News of the tragedy reached Arun the next day. He immediately understood the devastating consequences for Buddhi’s recently-arrived family.
“Buddhi only worked here two weeks,” says Arun, “but I liked him. I felt he was a good person.”
Arun consulted with his partners. He went to Jackson Heights to visit the family, and brought $3,000 with him ($1,000 from each of the co-owners). What he encountered was heartbreaking.
“They don’t speak a word of English. Buddhi’s wife has no bank account, nothing. The monthly rent is $1,300.00. The children are in school. I sat on the one chair in the apartment; they sat on the sofa. They have no family in New York. They are peaceful, humble people and totally without resources.”
Arun comes from a distinguished family. His father is a former diplomat. There are elegant wedding photographs of his parents and grandparents on the wall of Drunken Munkey. The restaurant is a craft cocktail bar with a full Indian kitchen, a tribute to the cafes and bistros of Old Bombay, serving late into the night and early morning. It’s inspired by the family’s connection to glamorous Anglo-Indian culture and cuisine.

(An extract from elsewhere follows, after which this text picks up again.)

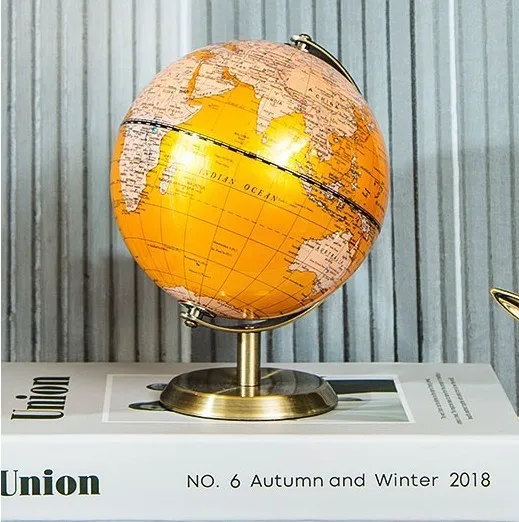 

European Metal Base Plastic Sphere Multi-language Customizable Globe Decoration Geography Teaching Supplies Home Ornament Crafts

Arun’s partners, family, friends and colleagues want to help the four children and widow overcome their painful loss and begin to ease their financial burden.
“We’d like to do as much as we can,” says Arun. In less than ten days they’ve already raised $7,500. Now, exemplifying what New York is all about, they’ve come up with another way to raise money and help ease the financial burden of Buddhi’s family.
All money from the restaurant’s food sales on Monday, December 16 and Tuesday, December 17, will be donated to the family. Also, one of the partners will match every dollar that comes in.
“This is not about the restaurant. This is about Buddhi’s family,” says Arun.
So, dear readers, especially those who live and work in New York, this is your opportunity to make a difference, to do a good deed, to be real Santas and stop by Drunken Munkey tomorrow, December 16 and Tuesday, December 17.
You will be doing an old fashioned mitzvah!